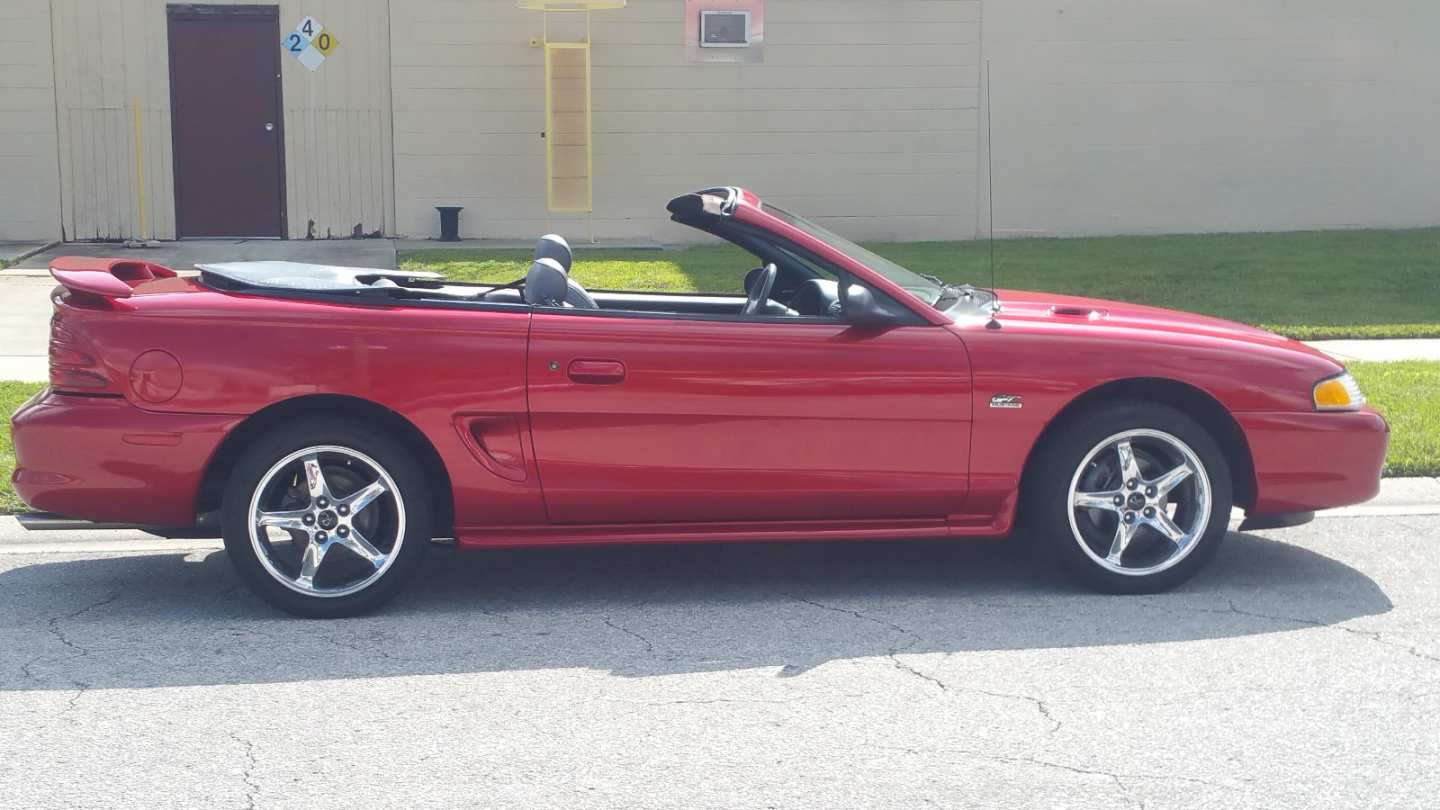 2nd Image of a 1995 FORD MUSTANG GT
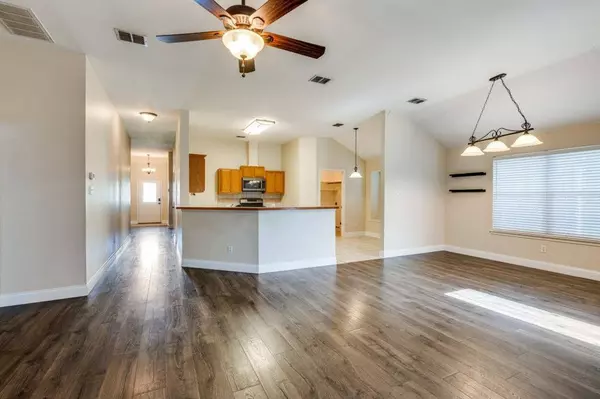 3320 Lake Hill Lane, Hurst, TX 76053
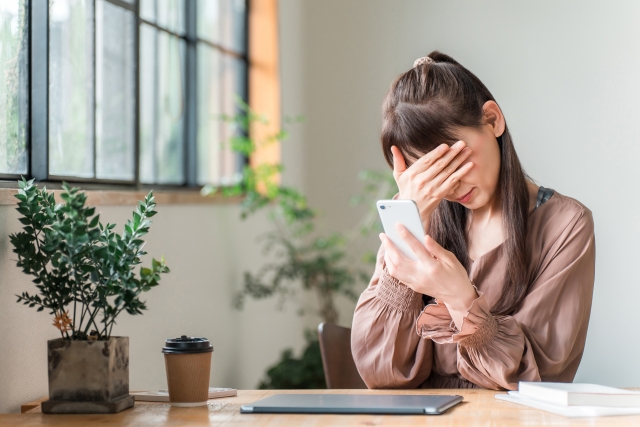 浮気を疑いSNSに匂わせ投稿をする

**ABOUT THIS TASK:**
Pictures aside, repeat every line of the data above exactly.

**ANSWER BELOW:**
 2nd Image of a 1995 FORD MUSTANG GT
 3320 Lake Hill Lane, Hurst, TX 76053
 浮気を疑いSNSに匂わせ投稿をする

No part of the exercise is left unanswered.